__PROBLEM TO SOLVE__: From the entries below, reproduce exactly the lines from the one with "Would you like" through the one with "30797 Ramblewood Club", both included, without images.

(Entries taken from a collection)
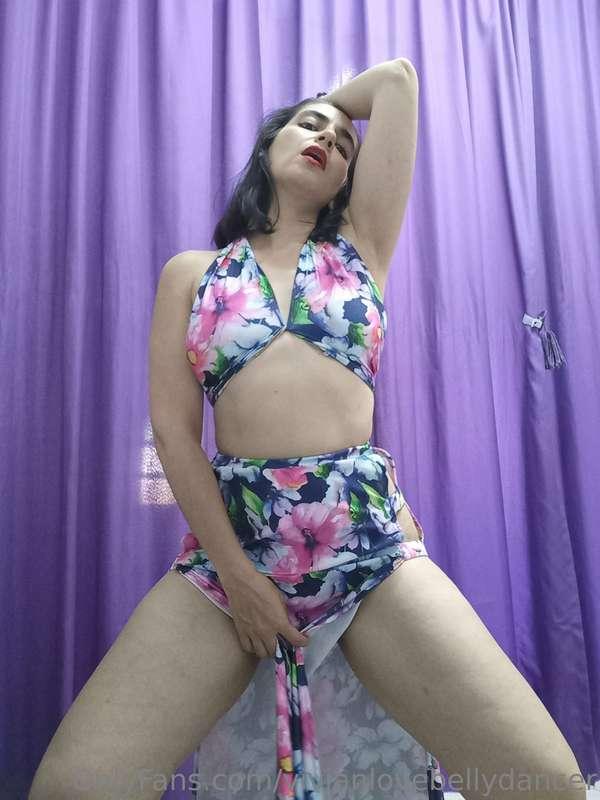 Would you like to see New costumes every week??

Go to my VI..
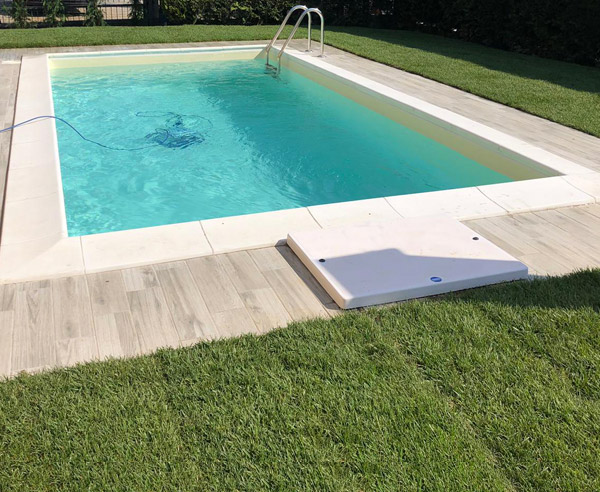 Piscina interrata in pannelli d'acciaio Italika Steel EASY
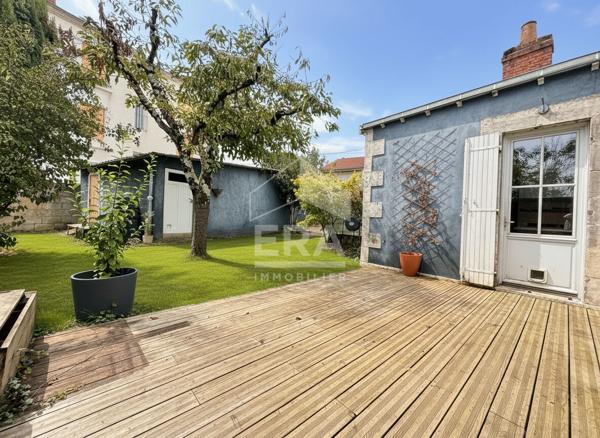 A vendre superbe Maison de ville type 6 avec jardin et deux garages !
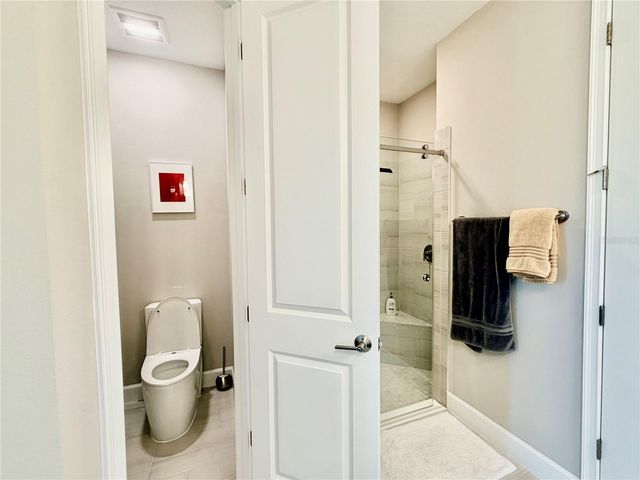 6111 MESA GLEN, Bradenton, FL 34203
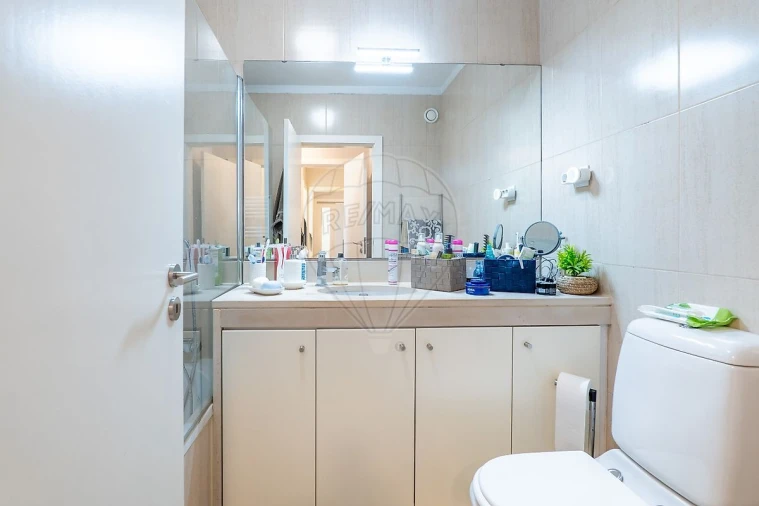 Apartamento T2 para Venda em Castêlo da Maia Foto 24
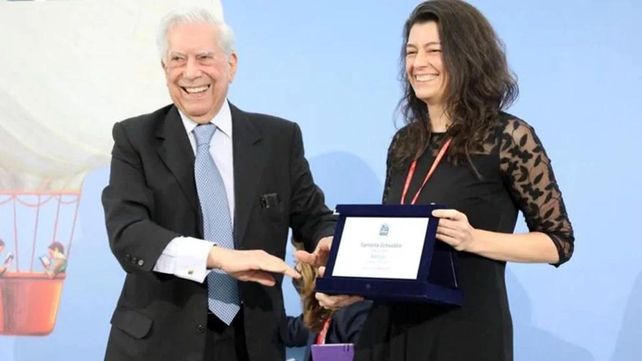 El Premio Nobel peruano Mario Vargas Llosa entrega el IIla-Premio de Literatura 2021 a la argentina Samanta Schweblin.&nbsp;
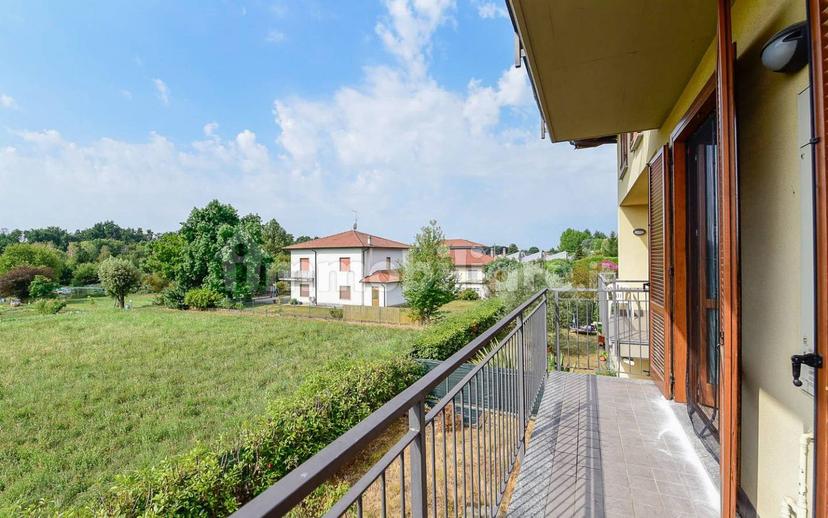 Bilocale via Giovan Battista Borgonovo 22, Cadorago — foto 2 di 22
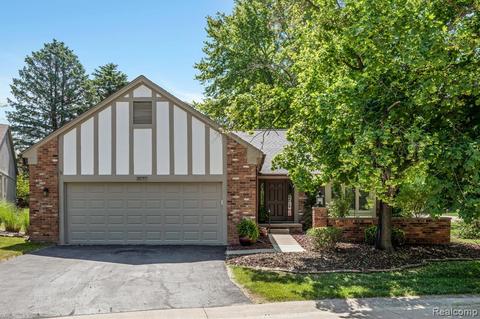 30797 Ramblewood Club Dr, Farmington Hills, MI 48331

...

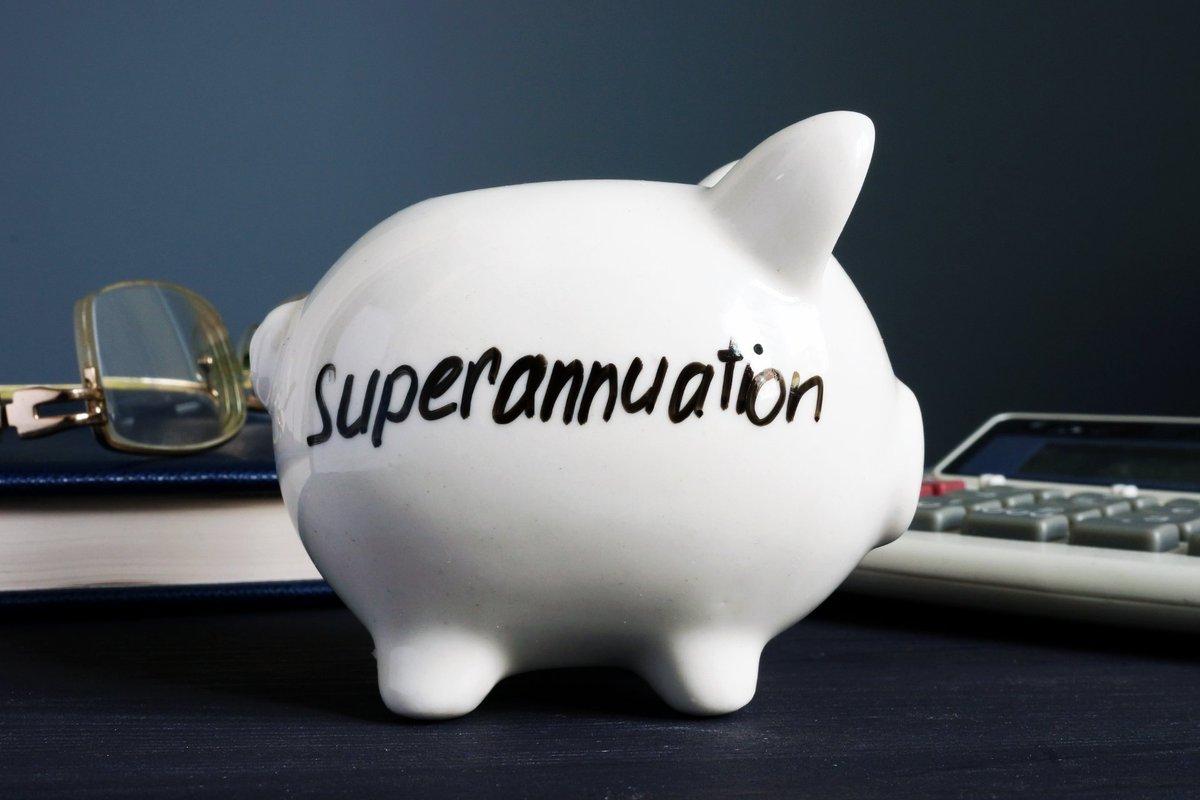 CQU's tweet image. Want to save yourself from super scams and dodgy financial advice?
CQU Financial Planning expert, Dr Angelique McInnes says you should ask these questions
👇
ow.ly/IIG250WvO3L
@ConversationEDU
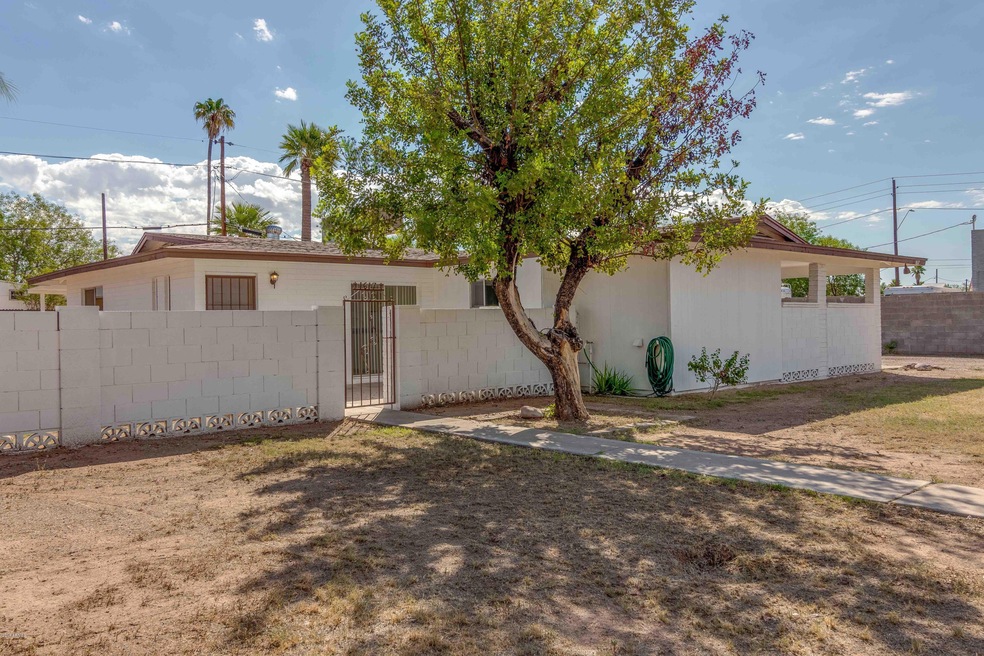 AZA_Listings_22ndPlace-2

__RESULT OF THIS TASK__:
 Would you like to see New costumes every week??

Go to my VI..
 Piscina interrata in pannelli d'acciaio Italika Steel EASY
 A vendre superbe Maison de ville type 6 avec jardin et deux garages !
 6111 MESA GLEN, Bradenton, FL 34203
 Apartamento T2 para Venda em Castêlo da Maia Foto 24
 El Premio Nobel peruano Mario Vargas Llosa entrega el IIla-Premio de Literatura 2021 a la argentina Samanta Schweblin.&nbsp;
 Bilocale via Giovan Battista Borgonovo 22, Cadorago — foto 2 di 22
 30797 Ramblewood Club Dr, Farmington Hills, MI 48331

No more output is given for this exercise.